Exercise brief:
Your task is to quote the listing below exactly, beginning with its first line and ending on the line bearing "Appartement - 63 m² - 3 pièces".

Data to examine:
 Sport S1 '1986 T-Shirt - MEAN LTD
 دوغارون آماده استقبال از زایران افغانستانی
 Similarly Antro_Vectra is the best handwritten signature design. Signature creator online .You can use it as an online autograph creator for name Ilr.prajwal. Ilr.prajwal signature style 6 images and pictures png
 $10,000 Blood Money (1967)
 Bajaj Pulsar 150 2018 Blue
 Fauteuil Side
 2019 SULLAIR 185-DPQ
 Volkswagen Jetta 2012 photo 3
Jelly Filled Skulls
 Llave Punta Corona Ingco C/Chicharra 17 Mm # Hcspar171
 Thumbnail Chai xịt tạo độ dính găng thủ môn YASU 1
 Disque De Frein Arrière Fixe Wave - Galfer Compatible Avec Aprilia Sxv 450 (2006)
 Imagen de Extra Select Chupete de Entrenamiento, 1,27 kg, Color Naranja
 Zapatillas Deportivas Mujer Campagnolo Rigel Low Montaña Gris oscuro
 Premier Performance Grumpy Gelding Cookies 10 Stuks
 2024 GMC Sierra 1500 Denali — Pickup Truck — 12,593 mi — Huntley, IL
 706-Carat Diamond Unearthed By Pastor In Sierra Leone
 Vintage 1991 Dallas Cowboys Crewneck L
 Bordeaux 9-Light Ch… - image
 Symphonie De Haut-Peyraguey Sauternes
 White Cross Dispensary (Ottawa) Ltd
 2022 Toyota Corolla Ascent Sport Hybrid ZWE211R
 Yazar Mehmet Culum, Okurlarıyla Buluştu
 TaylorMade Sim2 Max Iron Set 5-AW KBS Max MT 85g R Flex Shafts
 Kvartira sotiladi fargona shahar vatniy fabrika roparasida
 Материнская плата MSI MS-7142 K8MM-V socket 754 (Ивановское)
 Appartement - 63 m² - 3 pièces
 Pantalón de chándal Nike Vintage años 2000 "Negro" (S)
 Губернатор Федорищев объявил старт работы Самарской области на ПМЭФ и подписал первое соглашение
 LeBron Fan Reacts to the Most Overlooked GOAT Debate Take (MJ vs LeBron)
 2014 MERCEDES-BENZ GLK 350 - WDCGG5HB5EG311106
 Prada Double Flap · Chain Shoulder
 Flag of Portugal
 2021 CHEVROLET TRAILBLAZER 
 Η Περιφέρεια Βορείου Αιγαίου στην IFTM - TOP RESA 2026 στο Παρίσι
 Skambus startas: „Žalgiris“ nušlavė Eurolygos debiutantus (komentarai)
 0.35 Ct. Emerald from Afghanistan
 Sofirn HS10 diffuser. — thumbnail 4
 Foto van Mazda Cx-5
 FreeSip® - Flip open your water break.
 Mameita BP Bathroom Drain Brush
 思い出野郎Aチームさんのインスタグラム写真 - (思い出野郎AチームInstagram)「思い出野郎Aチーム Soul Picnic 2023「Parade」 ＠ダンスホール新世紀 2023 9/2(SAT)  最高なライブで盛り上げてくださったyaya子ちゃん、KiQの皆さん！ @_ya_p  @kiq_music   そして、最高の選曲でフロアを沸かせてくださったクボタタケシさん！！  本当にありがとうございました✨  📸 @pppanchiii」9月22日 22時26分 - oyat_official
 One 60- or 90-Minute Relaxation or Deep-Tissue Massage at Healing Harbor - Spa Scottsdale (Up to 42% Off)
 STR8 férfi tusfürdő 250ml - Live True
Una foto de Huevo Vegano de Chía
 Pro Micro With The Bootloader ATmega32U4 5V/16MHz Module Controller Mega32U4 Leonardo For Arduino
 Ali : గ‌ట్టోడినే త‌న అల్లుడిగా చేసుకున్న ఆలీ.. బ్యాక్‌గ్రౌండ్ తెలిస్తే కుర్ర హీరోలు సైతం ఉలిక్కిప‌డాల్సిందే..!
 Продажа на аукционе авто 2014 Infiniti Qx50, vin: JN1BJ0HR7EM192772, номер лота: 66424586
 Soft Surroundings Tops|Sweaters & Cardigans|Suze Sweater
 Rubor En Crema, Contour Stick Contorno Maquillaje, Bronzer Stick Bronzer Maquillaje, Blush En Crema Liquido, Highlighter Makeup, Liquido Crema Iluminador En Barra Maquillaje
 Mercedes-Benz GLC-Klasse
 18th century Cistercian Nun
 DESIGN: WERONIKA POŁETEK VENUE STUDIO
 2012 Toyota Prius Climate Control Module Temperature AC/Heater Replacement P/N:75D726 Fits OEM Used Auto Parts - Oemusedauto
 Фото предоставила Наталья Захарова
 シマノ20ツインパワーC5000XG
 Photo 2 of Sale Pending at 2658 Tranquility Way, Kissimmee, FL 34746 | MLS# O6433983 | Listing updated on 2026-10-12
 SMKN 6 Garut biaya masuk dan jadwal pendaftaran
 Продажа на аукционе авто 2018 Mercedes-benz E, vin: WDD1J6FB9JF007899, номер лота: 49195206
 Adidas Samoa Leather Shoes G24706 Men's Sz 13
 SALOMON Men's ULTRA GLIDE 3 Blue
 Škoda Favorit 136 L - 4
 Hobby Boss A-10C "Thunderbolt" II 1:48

Exercise response:
 Sport S1 '1986 T-Shirt - MEAN LTD
 دوغارون آماده استقبال از زایران افغانستانی
 Similarly Antro_Vectra is the best handwritten signature design. Signature creator online .You can use it as an online autograph creator for name Ilr.prajwal. Ilr.prajwal signature style 6 images and pictures png
 $10,000 Blood Money (1967)
 Bajaj Pulsar 150 2018 Blue
 Fauteuil Side
 2019 SULLAIR 185-DPQ
 Volkswagen Jetta 2012 photo 3
Jelly Filled Skulls
 Llave Punta Corona Ingco C/Chicharra 17 Mm # Hcspar171
 Thumbnail Chai xịt tạo độ dính găng thủ môn YASU 1
 Disque De Frein Arrière Fixe Wave - Galfer Compatible Avec Aprilia Sxv 450 (2006)
 Imagen de Extra Select Chupete de Entrenamiento, 1,27 kg, Color Naranja
 Zapatillas Deportivas Mujer Campagnolo Rigel Low Montaña Gris oscuro
 Premier Performance Grumpy Gelding Cookies 10 Stuks
 2024 GMC Sierra 1500 Denali — Pickup Truck — 12,593 mi — Huntley, IL
 706-Carat Diamond Unearthed By Pastor In Sierra Leone
 Vintage 1991 Dallas Cowboys Crewneck L
 Bordeaux 9-Light Ch… - image
 Symphonie De Haut-Peyraguey Sauternes
 White Cross Dispensary (Ottawa) Ltd
 2022 Toyota Corolla Ascent Sport Hybrid ZWE211R
 Yazar Mehmet Culum, Okurlarıyla Buluştu
 TaylorMade Sim2 Max Iron Set 5-AW KBS Max MT 85g R Flex Shafts
 Kvartira sotiladi fargona shahar vatniy fabrika roparasida
 Материнская плата MSI MS-7142 K8MM-V socket 754 (Ивановское)
 Appartement - 63 m² - 3 pièces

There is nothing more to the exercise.